The nation's supply of recoverable natural gas is
now at its highest level in history.
According to recent estimates from the Potential Gas
Committee (PGC), there is now 2,384 trillion cubic feet of recoverable
natural gas in the United States. This is an increase of 486 trillion
cubic feet, or 26 percent, from the 2010 estimate. The PGC is a
nonprofit organization of energy experts hosted by the Colorado School
of Mines that has been releasing reports on the nation's natural gas
supply for nearly 50 years.
Why has the estimate increased so dramatically? As
PGC Director John Curtis explains, “Our knowledge of the geological
endowment of technically recoverable gas continues to improve with each
assessment. Furthermore, new and advanced exploration, well drilling,
and completion and stimulation technologies are allowing us
increasingly better delineation of and access to domestic gas
resources—especially 'unconventional' gas—which, not all that long ago,
were considered impractical or uneconomical to pursue.”
In other words, it's becoming easier to find,
extract, transport, store, and use natural gas than it was just three
years ago.
As improvements in hydraulic fracturing technology
have lowered extraction costs, natural gas prices have dropped.
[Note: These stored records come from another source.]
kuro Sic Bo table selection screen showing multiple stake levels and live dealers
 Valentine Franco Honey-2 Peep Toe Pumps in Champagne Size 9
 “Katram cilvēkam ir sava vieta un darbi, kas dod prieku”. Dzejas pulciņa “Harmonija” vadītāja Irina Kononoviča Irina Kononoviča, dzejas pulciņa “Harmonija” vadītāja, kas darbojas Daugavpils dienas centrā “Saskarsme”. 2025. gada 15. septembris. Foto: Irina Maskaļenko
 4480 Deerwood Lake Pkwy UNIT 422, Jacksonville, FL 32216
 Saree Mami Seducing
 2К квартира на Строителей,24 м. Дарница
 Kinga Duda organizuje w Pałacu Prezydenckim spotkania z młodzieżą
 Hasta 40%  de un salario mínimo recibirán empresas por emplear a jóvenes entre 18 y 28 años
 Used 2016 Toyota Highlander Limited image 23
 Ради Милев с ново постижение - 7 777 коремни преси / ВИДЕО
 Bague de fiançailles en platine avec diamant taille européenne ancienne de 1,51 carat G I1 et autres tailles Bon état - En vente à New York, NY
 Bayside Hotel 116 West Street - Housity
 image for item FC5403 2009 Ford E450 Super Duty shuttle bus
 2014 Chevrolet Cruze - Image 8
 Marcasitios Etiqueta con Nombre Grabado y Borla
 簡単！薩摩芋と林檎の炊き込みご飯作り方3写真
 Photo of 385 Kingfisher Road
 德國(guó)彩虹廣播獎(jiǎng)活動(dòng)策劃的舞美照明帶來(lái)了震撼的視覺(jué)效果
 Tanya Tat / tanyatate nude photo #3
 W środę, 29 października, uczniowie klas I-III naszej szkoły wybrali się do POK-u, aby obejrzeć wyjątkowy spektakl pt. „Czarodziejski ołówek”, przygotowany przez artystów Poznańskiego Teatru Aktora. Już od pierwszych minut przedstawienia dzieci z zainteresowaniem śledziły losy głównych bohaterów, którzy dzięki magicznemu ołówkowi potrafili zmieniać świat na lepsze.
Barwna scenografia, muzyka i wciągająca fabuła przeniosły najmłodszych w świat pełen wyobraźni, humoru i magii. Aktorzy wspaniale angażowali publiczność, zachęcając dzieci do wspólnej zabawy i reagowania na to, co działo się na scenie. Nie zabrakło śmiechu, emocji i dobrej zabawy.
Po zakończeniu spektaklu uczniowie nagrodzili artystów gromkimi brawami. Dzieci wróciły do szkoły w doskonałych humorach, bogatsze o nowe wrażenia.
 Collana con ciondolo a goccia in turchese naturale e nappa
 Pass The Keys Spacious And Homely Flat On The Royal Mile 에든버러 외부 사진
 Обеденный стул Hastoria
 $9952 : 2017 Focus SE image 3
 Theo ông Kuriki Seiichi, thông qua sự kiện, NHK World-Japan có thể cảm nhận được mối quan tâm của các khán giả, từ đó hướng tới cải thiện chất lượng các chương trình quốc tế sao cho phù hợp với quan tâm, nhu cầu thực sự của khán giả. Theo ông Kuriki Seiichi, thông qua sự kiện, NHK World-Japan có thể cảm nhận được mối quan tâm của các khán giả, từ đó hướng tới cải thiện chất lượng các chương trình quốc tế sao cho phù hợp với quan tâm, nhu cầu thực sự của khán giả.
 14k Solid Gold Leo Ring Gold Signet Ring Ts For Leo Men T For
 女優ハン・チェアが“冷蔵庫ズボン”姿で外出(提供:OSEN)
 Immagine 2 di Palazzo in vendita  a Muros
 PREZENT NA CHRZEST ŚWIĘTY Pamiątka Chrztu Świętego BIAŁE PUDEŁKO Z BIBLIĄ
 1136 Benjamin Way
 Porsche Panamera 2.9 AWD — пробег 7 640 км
According to data on gas usage and pricing information from the Energy
Information Administration, Americans of all income levels collectively
saved $357 billion due to reductions in natural gas prices from 2009 to
2012. And that's just the beginning.
The challenge now is to exploit the enormous
benefits of using natural gas to power our vehicles, generate
electricity, manufacture plastics, create the heat needed for
industrial processes, and more, in order to transform and energize our
economy.
Powering our Vehicles
About 66,000 Americans are already using compressed
natural gas to fuel their cars, according to the Department of Energy.
Those drivers can fill their cars at the 605 natural gas stations that
charge the equivalent of $1.00 to $1.40 per gallon. Or, even more
conveniently, they can top off their tanks at home, once they've
installed a natural gas home refueling unit.
According to a Reuters report, an
Arizona couple who uses a home refueling unit pays the equivalent of
$0.65 per gallon. So, instead of spending $160 per month on gasoline
for the 1,200 miles they drive their Honda Civic GX, the couple spends
just $30 and fuels the car overnight, while they sleep.
Obviously, those savings can quickly add up.
However, the high initial investment has kept most motorists from
driving natural gas vehicles. One obstacle is still the cost of cars
that can run on natural gas; they typically cost about $10,000 more
than the same vehicle fueled by gasoline.
Another obstacle is the cost of installing the home
refueling units. The unit used by the Arizona couple is only sold by an
Italian company called BRC Fuelmaker and costs about $4,500.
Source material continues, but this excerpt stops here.